Todos los reunidos rompieron a reír a costa del intruso.

—¿Tenía yo necesidad de esto? —murmuró aquél para su coleto.

Pero el vaquero siguió tranquilamente preguntando:

—Querida señora, ¿no sabe usted cómo se llamaba el vaquero fugado?

—¿Si lo sé? Naturalmente. Pero en este momento no lo recuerdo. Sin embargo, tengo su nombre en la punta de la lengua. Como que le conozco como a mi mismo hijo.

—¿No se llamaba Paco Lacza?

—¡Sí, sí! ¡Paco Lacza!

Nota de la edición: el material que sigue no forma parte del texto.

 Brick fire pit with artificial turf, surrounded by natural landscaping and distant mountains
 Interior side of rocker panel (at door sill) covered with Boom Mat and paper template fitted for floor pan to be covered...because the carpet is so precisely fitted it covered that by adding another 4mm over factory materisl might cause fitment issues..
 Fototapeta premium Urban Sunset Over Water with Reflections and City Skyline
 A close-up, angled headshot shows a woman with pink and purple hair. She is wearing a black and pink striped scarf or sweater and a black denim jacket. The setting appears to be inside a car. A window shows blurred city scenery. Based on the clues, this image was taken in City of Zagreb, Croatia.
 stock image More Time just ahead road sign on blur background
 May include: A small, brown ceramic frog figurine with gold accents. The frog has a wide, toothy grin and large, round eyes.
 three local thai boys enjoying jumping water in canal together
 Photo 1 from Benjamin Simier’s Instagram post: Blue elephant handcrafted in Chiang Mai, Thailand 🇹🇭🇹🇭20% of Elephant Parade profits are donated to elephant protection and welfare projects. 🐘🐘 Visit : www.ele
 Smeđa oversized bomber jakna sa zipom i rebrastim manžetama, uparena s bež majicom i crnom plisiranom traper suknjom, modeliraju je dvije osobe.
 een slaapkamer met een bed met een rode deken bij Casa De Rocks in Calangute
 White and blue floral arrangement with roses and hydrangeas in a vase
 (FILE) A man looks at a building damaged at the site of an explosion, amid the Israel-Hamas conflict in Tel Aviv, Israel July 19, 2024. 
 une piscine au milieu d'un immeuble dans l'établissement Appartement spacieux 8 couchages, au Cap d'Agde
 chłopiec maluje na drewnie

Me ha cogido usted el nombre de los labios. ¿Acaso lo conocía usted también?

Ni aun siquiera entonces se descubrió el mozo. Ni siquiera dijo que lo conocía también como al único hijo de su padre; vació silenciosamente su pipa; luego la volvió a llenar de tabaco fresco; se levantó después; apoyó el palo contra la silla de paja, como para indicar que aquella silla estaba ocupada, para que no se sentase en ella otro; luego encendió la pipa en la única vela que alumbraba la sala y salió.

Los que en la sala estaban hicieron comentarios acerca de él.

—Debe tener sobre su corazón un gran peso.

—Su mirada no me agrada del todo.

—Ese debe saber algo del crimen.

El chalán judío se dejó seducir de nuevo por la idea de emitir su opinión.

—Mis estimados señores y señoras: solamente quiero permitirme hacer una observación: la de que ayer estaba yo en la puszta de Ohát para comprar unos caballos, y allí he visto al envenenado Alejandro Décsi, que está tan sano como una roja manzana. Ha hecho salir con su lazo, y para que yo los viese, los potros; esto es tan cierto como que yo vivo.

—¡Oh, qué impertinente, un cualquiera! ¡Quiere decir que todos nosotros somos unos embusteros! —exclamó indignada la reunión. Al instante lo trincaron por el cuello y lo echaron fuera.

El chalán, arrojado fuera sin la menor ceremonia, se alzó jurando, y mientras arreglaba su sombrero arrugado, se dijo: «Bueno; ¿qué necesidad tenía yo de todo esto? ¿Qué obligación tenemos los judíos de decir la verdad?».

El vaquero se fue hacia el ganado y trató de hacer comprender a los vaqueros moravos que podían ir a la sala para tomar allí un vaso de vino. Allí estaba su silla para que ellos la ocupasen y su palo; mientras, él guardaría las vacas.

Y mientras las guardaba, alzó del suelo un pedazo de excremento de vaca y lo dejó deslizarse dentro de la manga de su szür.

¿Qué era lo que con aquello quería hacer?